The company has refused to answer questions on whether it would reconsider putting the deal to a shareholder vote.
Investors pointed to examples such as BHP demerging its secondary metals into a new company, South32, as an example of good corporate governance because it put the matter to shareholders even though it didn’t legally need to.
Wilson says that given Australian shareholders are being “disadvantaged” by the James Hardie deal, a regulatory response is warranted. “Whether the legislation has to be changed, or the ASX has to step up, or ASIC has to step up, or the government has to step up, someone has to,” Wilson says.
Pikoulas agrees that it’s time to hear from the government, although given the board and top executives are already based in Chicago, this may have little influence.
“At the very least, they should be on top of it and make a relevant comment, which might force the ASX into action,” Pikoulas says.
“This is a prominent Australian public company. Does the government have some sort of fiduciary duty in protecting the interests of shareholders of prominent Australian companies?
“Ultimately, yes, if not by decree, then by implication.”

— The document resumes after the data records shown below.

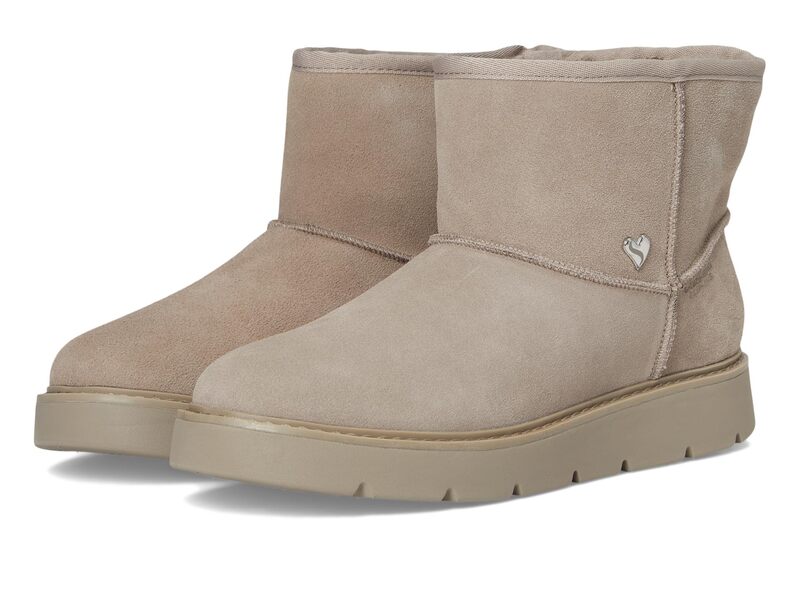スケッチャーズ レディース シューズ ブーツ・レインブーツ SKECHERS Keepsakes Cozy - Cozy Shorty Hands Free Slip-ins Taupe トープ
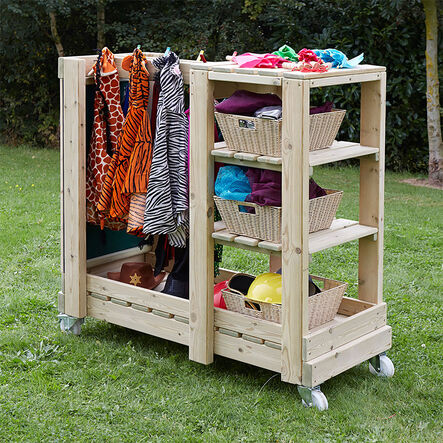 TTS Wooden Outdoor Role Play Dressing Up Storage Unit  hi\-res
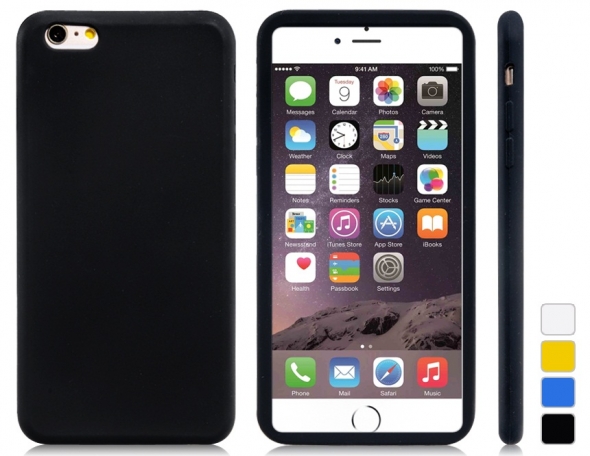чехол силикон iPhone 6 Plus (угольный)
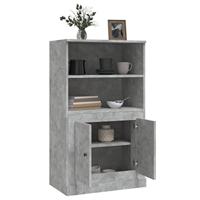 Hoge kast 60x35,5x103,5 cm bewerkt hout betongrijs - thumbnail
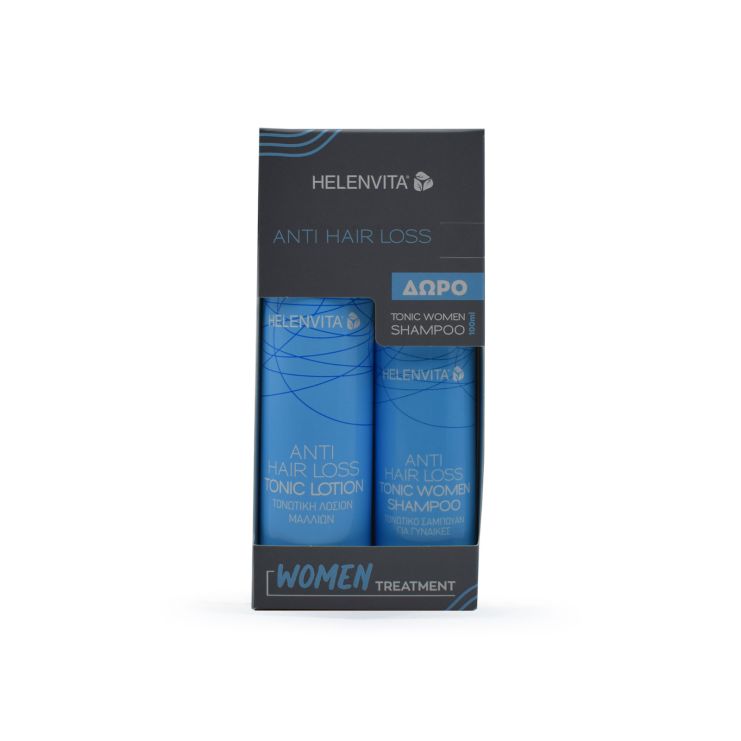 Helenvita Anti Hair Loss Tonic Lotion 100ml & Γυναικείο Τονωτικό Σαμπουάν 100ml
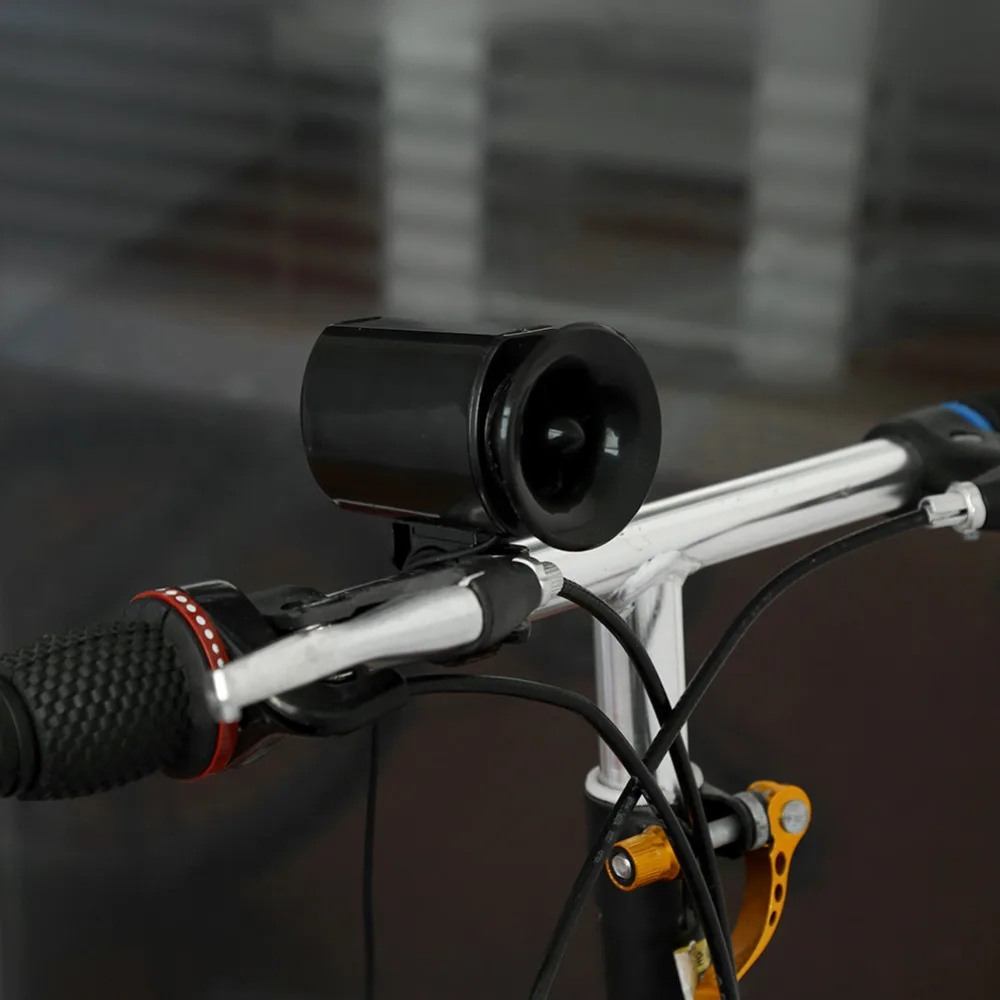Черный 6 громкий звуковой электронный велосипедный рожок колокольчик кольцо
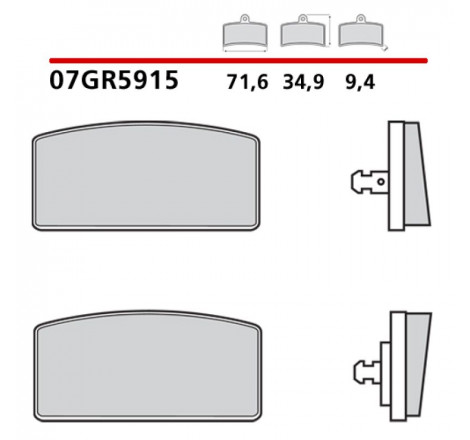 Pastiglie freno ex 07bm0115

For shareholders, this deal to buy Azek and subvert accountability is a reminder how not that long ago, the company tried to quickstep around paying victims of its deadly asbestos dust. The company stopped using asbestos in 1987. Back in 2001 James Hardie domiciled in the Netherlands as it became clear it would face a growing compensation bill from contaminated wall cladding, insulation and piping.
Chequered history
A NSW judicial inquiry found the move was not just for tax purposes, as had been claimed. The Netherlands happened to be one of only two countries where Australia did not have a treaty for the enforcement of civil court judgments.
As a result of that inquiry, the company bowed to public outrage and agreed to continue funding payouts through the Asbestos Injuries Compensation Fund. James Hardie said there would be no change to its commitment as a result of buying Azek.
“Our commitment to these communities is reflected in our ongoing support of the AICF – established in partnership with the NSW government in 2006,” said a company spokesman.
The firm has paid about $2.2bn to fund compensation payments to those affected by asbestos-related illnesses to date.
“James Hardie is a company that has a history of being too smart by half,” says Pikoulas. It “has a history of engineering seemingly smart behaviour that ends up coming unstuck”.
“The ASX also has a history,” says Pikoulas. “A very different history to James Hardie’s of being too clever and pushing it too far; the ASX has a history of tripping over itself.”
The securities regulator ASIC is currently reviewing how to make public markets more attractive and has put forward a question via a discussion paper about whether a sustained decline in listed entities would negatively impact the Australian economy. The answer, according to Wilson is clearly “yes.”
A shift of the 136-year-old firm’s primary listing from the ASX to the NYSE is also bad news for a shrinking exchange. “We’re on a fast track to looking like New Zealand, where you have liquidity in 10 stocks,” says Pace.